Saturday, January 7, 2012

Book Review: Part Wild, by Ceiridwen Terrill

The only reason I heard of Part Wild, by Cerirdwen Terrill, is that it was mentioned on Dogster a few months back, when it was about to be published.

It's one of those books that, while I can say that I'm glad that I read it, and it really gripped me while I was in the process, it made me feel sad and regretful, even though the situations that transpired were not my life.

The author, Ceiridwen Terrill, got out of a bad and horribly abusive relationship. So she wanted a dog. While at the animal shelter, she went into a back room, where there was what was labeled as a "wolf dog", and that's what planted the seed. Soon, a friend of hers who knew a wolf dog breeder hooked her up with that woman, and then she was present at the whelping of the litter that produced her wolf dog, Inyo.

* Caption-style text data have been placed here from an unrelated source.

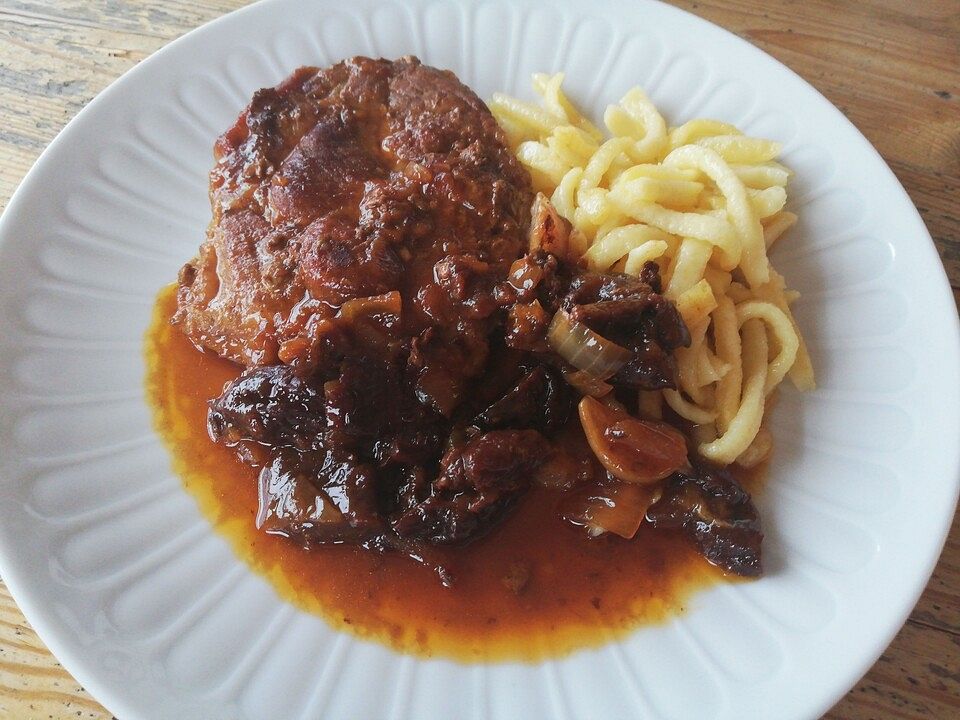 Kammkoteletts mit Aprikosen und Backpflaumen von eisbobby| Chefkoch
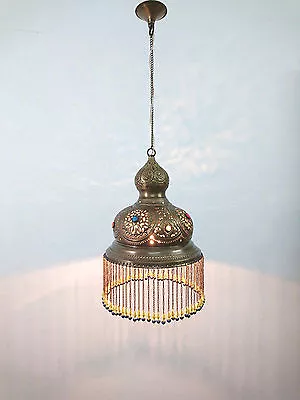 BR393 Antique Gold Finish Handmade Moroccan Dome Hanging Lampshade • £82.04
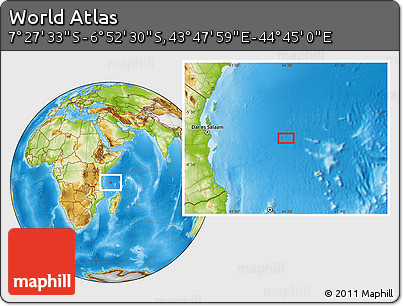 Physical Location Map of the Area around 7° 10' 2" S, 44° 16' 29" E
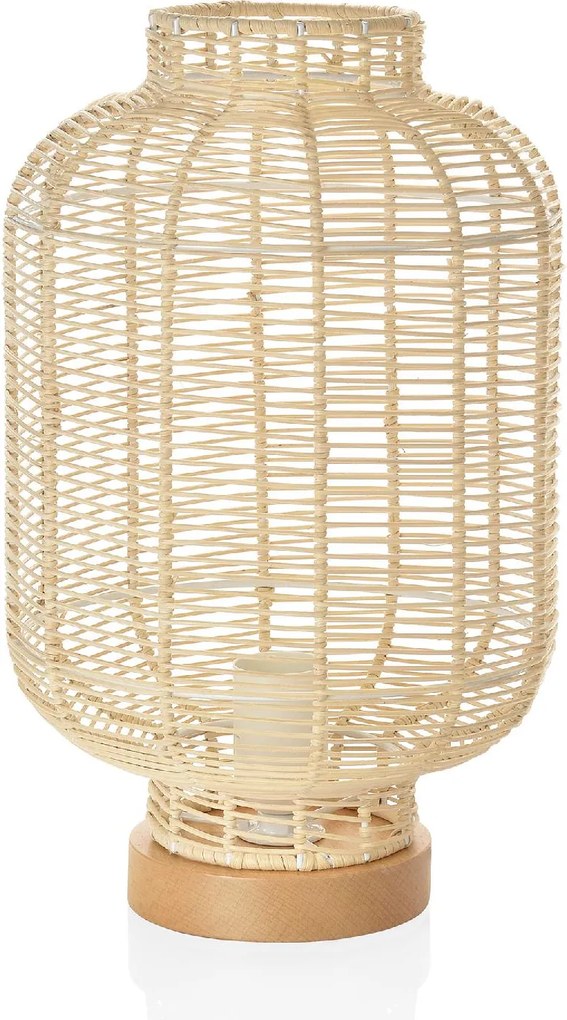 Candeeiro de Mesa Ratan em Madeira Natural Ø22 x 35 cm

This is one of those books that keeps me reading, and I feel bad for the situation, but I certainly questioned the initial motives for getting a wolf dog.  She was afraid of her ex, and wanted an animal who would bond with her and protect her. She felt very comfortable in the outdoors (in the wild) and didn't feel a dog could keep up with her on wilderness hikes. She also, unfortunately, seemed to have done all of her research after everything went down, and before she bought Inyo in the first place.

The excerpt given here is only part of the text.